Ask HN: Independant Consulting - moron4hire
If I stick with my current salary position, by this time next year I should have the cash I need to settle my debts, take off work for six months, and focus on building some sort of software firm (I have plans, but they're outside the scope of this post). However, I've become rather disgruntled and burnt out with my current position and am thinking that maybe independent consulting for a few short term contracts would be a good way to traverse the mean time.<p>I have two questions,
1) should I really bother to settle my debts? If I build the debt payments into my 6 month cash reserve, it cuts my wait time in half. But, I'm afraid I'm being impatient.
2) I have no experience doing independant contracts. What are some things I could expect? I assume I could probably work out 1099 paperwork through my mother's LLC (where I'm ready in a year, she just jumped in a week ago). I have what I think is a very solid resume for 6 years of experience, having lead two dev teams in the past three years, but I don't have any sexy tech like RoR or Django, nor any certs for my .NET and MSSQL experience.<p>I've been talking about and planning my own business for the last three years. I make occasional progress, but I'm getting impatient. My last effort towards this goal was to move from rural central PA to Philadelphia a year ago. This got me the salary I needed to accelerate my debt payoff and I've been making excellent networking contacts along the way. But it's been a hard, disappointing slog at work due to a corporate culture that I (and most of my programmer coworkers and predecessors) feel is designed to undermine the employee's self esteem.

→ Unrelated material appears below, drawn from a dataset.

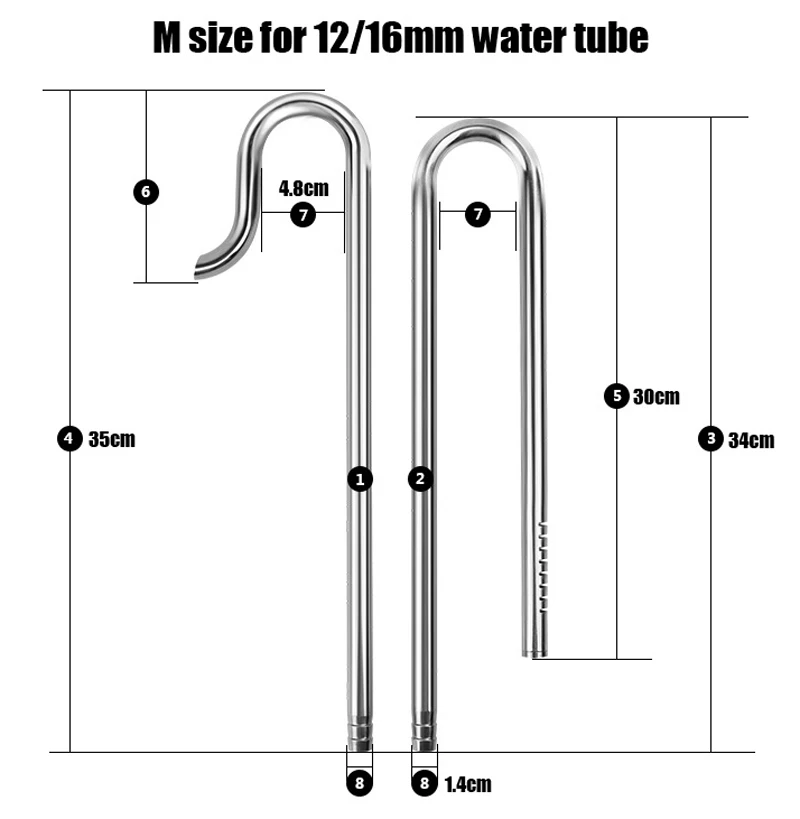 Tuyau Nénuphar pour Plante d'eau D'aquarium Sortie d'eau 12/16mm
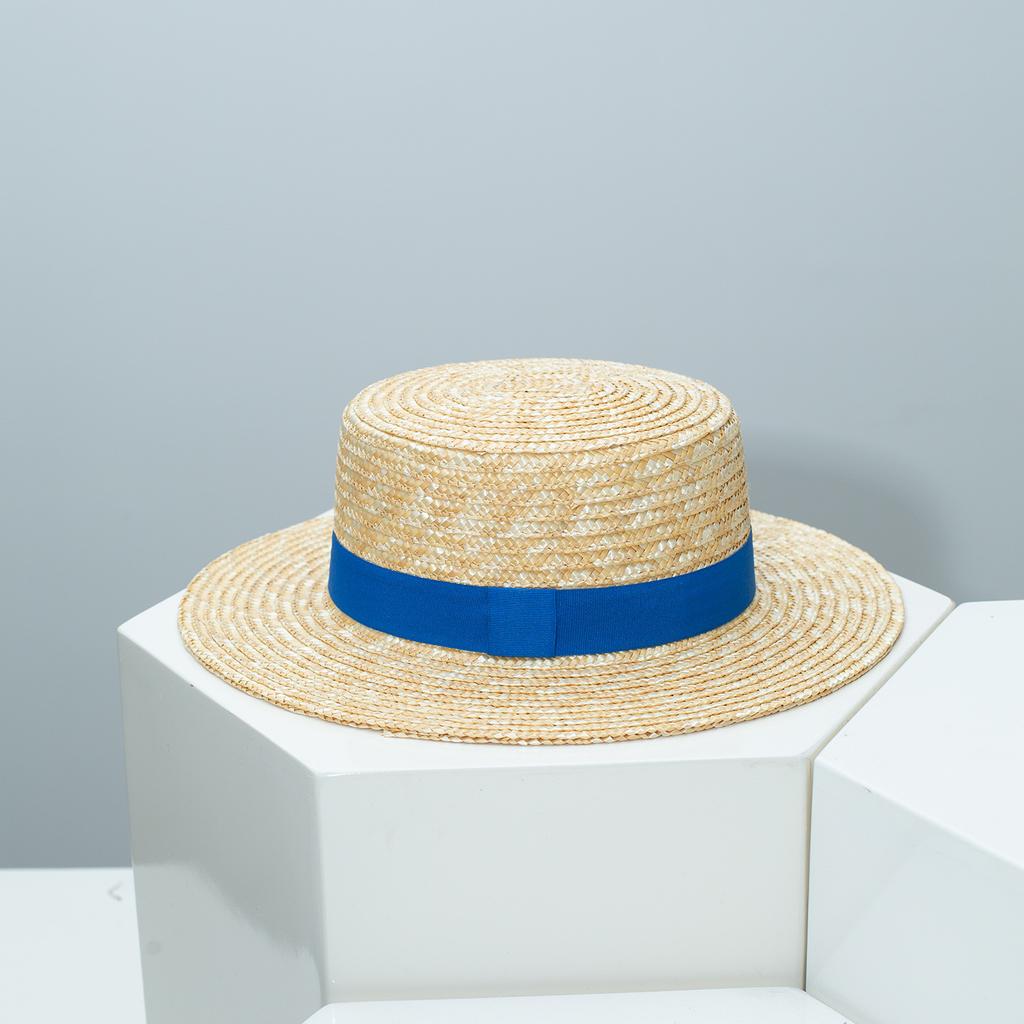 ins summer hat women's hat men caps natural wheat straw flat top hat woman simple flat brim top hat sunscreen vacation beach hat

I put out several applications to other salary positions to have some way to get out, but given my timeline I think the independant route has better potential. (Who wants to hire someone for less than a year?)
======
bravura
Do you get excited by pitching, doing sales, hustling leads, negotiating
deals, and reading contracts yourself? Because this is half the work of being
an independent consultant. You're both the biz guy and the tech guy, and if
you don't like being the biz guy you're going to HATE being a consultant.

 _But it's been a hard, disappointing slog at work_.

For most people, it can be an even longer, harder slog to find clients.

 _I put out several applications to other salary positions to have some way to
get out, but given my timeline I think the independant route has better
potential._

In all likelihood, it will take you far _more_ time to find your first few
clients than it will to get a full-time position. Finding clients is a
crapshoot, and it takes a lot of time. Even if you do find a client, it
usually takes longer to close a consulting deal than to get hired for a job.
What are you going to do if you don't find clients in time?

 _I have what I think is a very solid resume for 6 years of experience, having
lead two dev teams in the past three years, but I don't have any sexy tech
like RoR or Django, nor any certs for my .NET and MSSQL experience._

What kind of consulting will you do? Without this details, it's difficult to
comment on how you might acquire clients.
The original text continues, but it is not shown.